Passauer Konzertwinter
Canticum Novum: Eintauchen in die Klangwelt der Sepharden

15.01.2023 | Stand 25.10.2023, 10:52 Uhr

Bejubeltes Ensemble: (v.l.) Canticum Novum präsentierte in der Passauer Heilig-Geist-Kirche eine betörende,aufwühlende, bisweilen exotische Klangwelt – die Musik der Sepharden. −Foto: Rabenstein

Die Musikliebhaber erkannten die Besonderheit des Konzerts, das der Passauer Konzertwinter am Samstagabend in der Heilig-Geist-Kirche unter dem Titel „Sefardi“ bot: Mit über 150 Gästen war die Kirche brechend voll.

Das Ensemble Canticum Novum aus Frankreich, 1996 gegründet, präsentierte eine betörende, aufwühlende, bisweilen exotische Klangwelt – die Musik der Sepharden. Es sind Gesänge und Stücke aus der Zeit vom 13. bis 17. Jahrhundert von iberischen Juden, die vertrieben wurden und in den östlichen Mittelmeerraum, aber auch ins osmanische Reich und nach Afrika zogen. Überall haben sie musikalische Einflüsse aufgenommen und mit eigenen Traditionen vermischt.

Schon die Instrumente und deren Klanglichkeit waren spannend. So spielte Aliocha Regnard eine große Nyckelharpa, eine Schlüsselgeige mit kurzem Bogen. Der Musiker war meist Melodieführer in der fünfköpfigen Formation, die in Passau auftrat. Das Ensemble hat rund 20 Mitglieder. Er entlockte diesem Streichinstrument, das durch Tasten bedient wird, mal forcierende, mal elegische Töne. Manches erinnerte an die Drehleier. Zu Herzen ging Regnards Eigenkomposition „L’ Exil“, die von Trauer und Melancholie erzählt. Das zweite besondere Instrument war eine Kanun, eine Kastenzither, die in der Türkei und arabischen Länder mit Ringen und Plektrum musiziert wird.

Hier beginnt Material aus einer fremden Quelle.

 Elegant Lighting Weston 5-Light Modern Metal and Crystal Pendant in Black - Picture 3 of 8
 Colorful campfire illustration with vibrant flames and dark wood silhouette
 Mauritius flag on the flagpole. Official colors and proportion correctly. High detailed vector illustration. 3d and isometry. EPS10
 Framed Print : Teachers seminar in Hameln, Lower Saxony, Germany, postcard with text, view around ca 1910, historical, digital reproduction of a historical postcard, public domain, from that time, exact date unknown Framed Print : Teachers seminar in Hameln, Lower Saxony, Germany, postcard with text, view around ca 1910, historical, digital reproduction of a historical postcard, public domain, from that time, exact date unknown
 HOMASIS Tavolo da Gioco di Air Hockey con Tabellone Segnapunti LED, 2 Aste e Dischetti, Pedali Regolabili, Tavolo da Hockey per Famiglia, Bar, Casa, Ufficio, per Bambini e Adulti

Der Publikumsliebling war Perkussionist Ismail Mesbahi. Er spielte verschiedene Trommeln, auch eine kleine Djembé und ein Tamburin. Da wurden harte schnelle Schläge von weichen Trippeltönen abgelöst, wechselten sich Beats auf das Fell und den Instrumentenkorpus ab, assoziierten kleine Zimbeln einen Hauch von Sehnsucht und Erotik, verhallten leise, kleine Töne auf dem untersten Ende der Djembé wie sich entfernende Schritte. Was Mesbahi da an Rhythmik und Dynamik ablieferte, war sensationell!

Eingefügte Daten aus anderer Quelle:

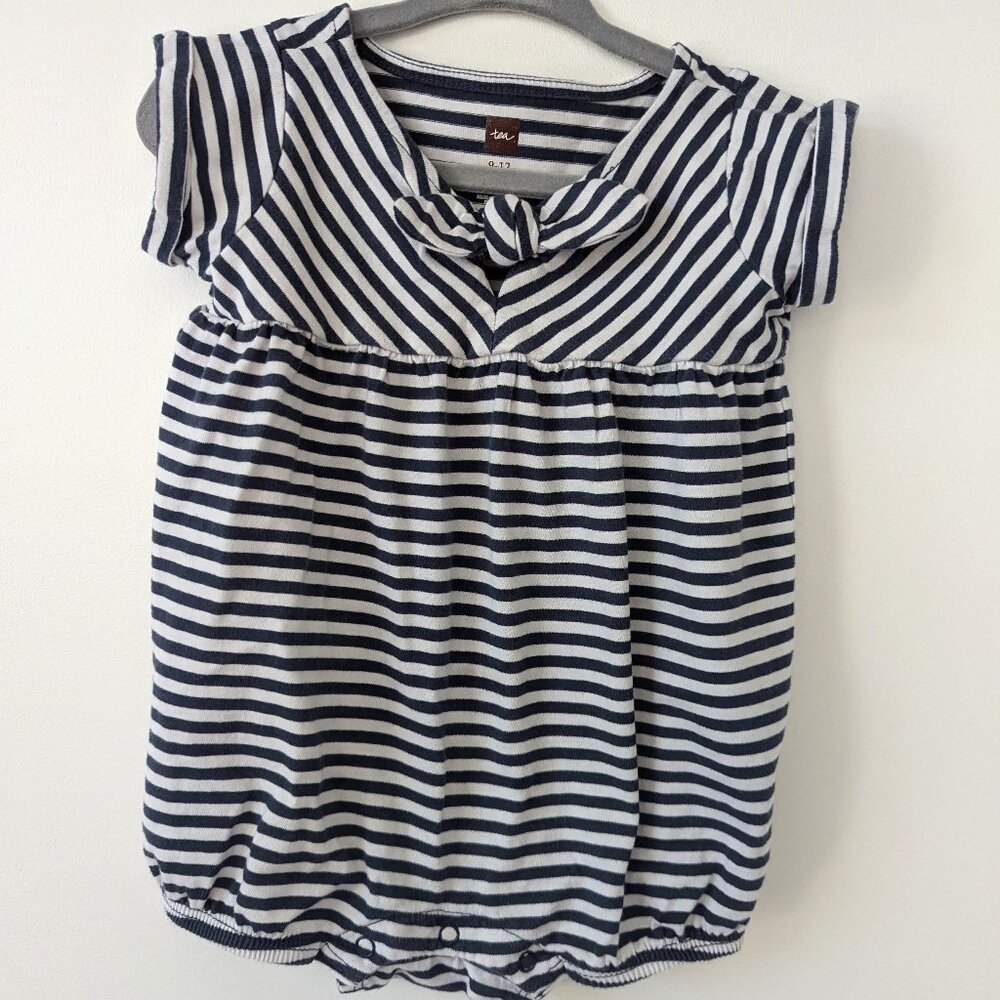 Striped Bubble Romper with a tied bow detail by Tea Collection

Die sephardische Musik wird getragen von Gesang. In Passau waren zwei Stimmen zu hören, die sich wunderbar ergänzten. Emmanuel Bardon, Sprechgesang in baritonaler Lage, der Gründer und künstlerische Leiter des Ensembles, und die Mezzosopranistin Barbara Kusa. Sie interpretierten die Romanzen und Serenaden, die meist nach ihrer Herkunft betitelt wurden und damit auch klarmachten, welcher kultureller Schmelztiegel hier aufgeführt wurde. Kusas Stimme bringt die nötige Melancholie und auch das Temperament für diese Lieder mit. Ihr zum Teil sirenenhafter Gesang erinnert an die große Interpretin sephardischer Musik: Esther Ofarim aus Israel.

Canticum Novum wollen mit ihrer Kunst Brücken bauen zwischen den Kulturen von Orient und Okzident. Das ist ihnen eindrücklich gelungen.